Starlink stalled in Zimbabwe but off the ground soon in Madagascar

Satellite communications company Starlink has halted internet services in Zimbabwe until it receives licensing approval from the nation’s telecommunications regulator.

The Posts and Telecommunications Regulatory Authority of Zimbabwe (POTRAZ) has asked Starlink to disconnect all kits that were illegally operating in Zimbabwe on the basis that the service has not yet been licensed.

SpaceX, Starlink’s parent company, apparently needs to first submit a formal application to provide services in Zimbabwe.

In January we reported POTRAZ warnings that individuals and businesses discovered distributing and advertising equipment to access Starlink internet services could face arrest. However, local news reports indicate that trade in Starlink kits seems to have continued via social media platforms.

Zimbabwe is among several African nations, including neighbouring South Africa, that have not yet licensed the service.

There’s better news for Starlink from Madagascar, where the government appears keener to make the most of a service that could address at least some of the country’s connectivity issues. 

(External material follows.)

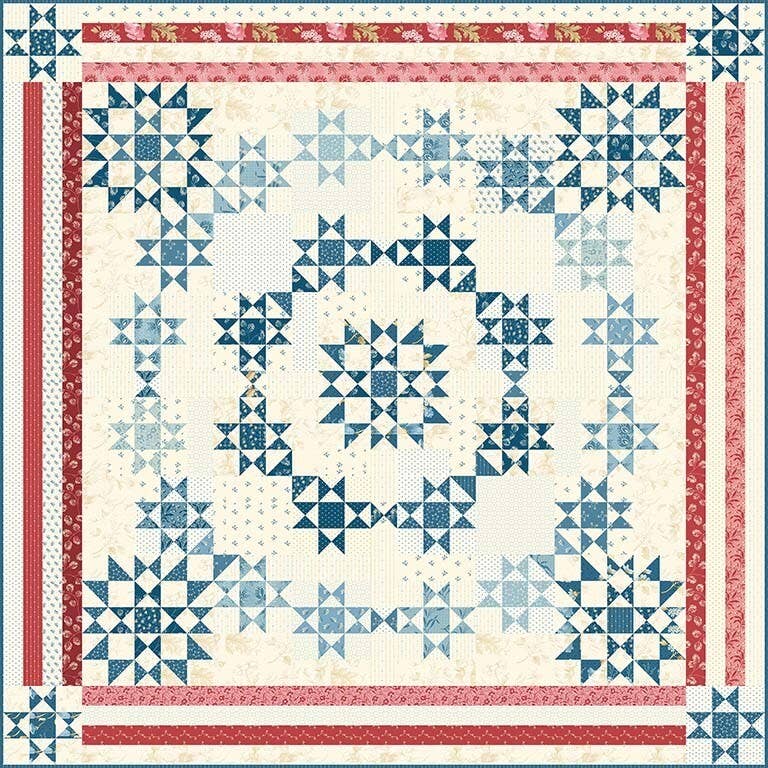 Laundry Basket Quilts - Sparklers Quilt Pattern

Starlink has obtained the agreement of the Malagasy government to launch its commercial services in Madagascar. Details of the date of the launch of Starlink's commercial activities in Madagascar were not disclosed, though the company has publicised plans to launch its high-speed connectivity services in Madagascar from the third quarter of 2024.

As the Ecofin news service points out, the Malagasy government has been implementing a policy of total liberalisation of the ICT sector since April. It is in this context that the Communication Technology Regulatory Authority (ARTEC) launched, in November 2023, an international call for tenders for the establishment and operation of public satellite communication networks in Madagascar. 

Whether Starlink will actually be affordable for many people remains to be seen. Still, with an estimated population of around 28.8 million, about 80% of whom do not have access to the internet, satellite services seem likely to have some appeal.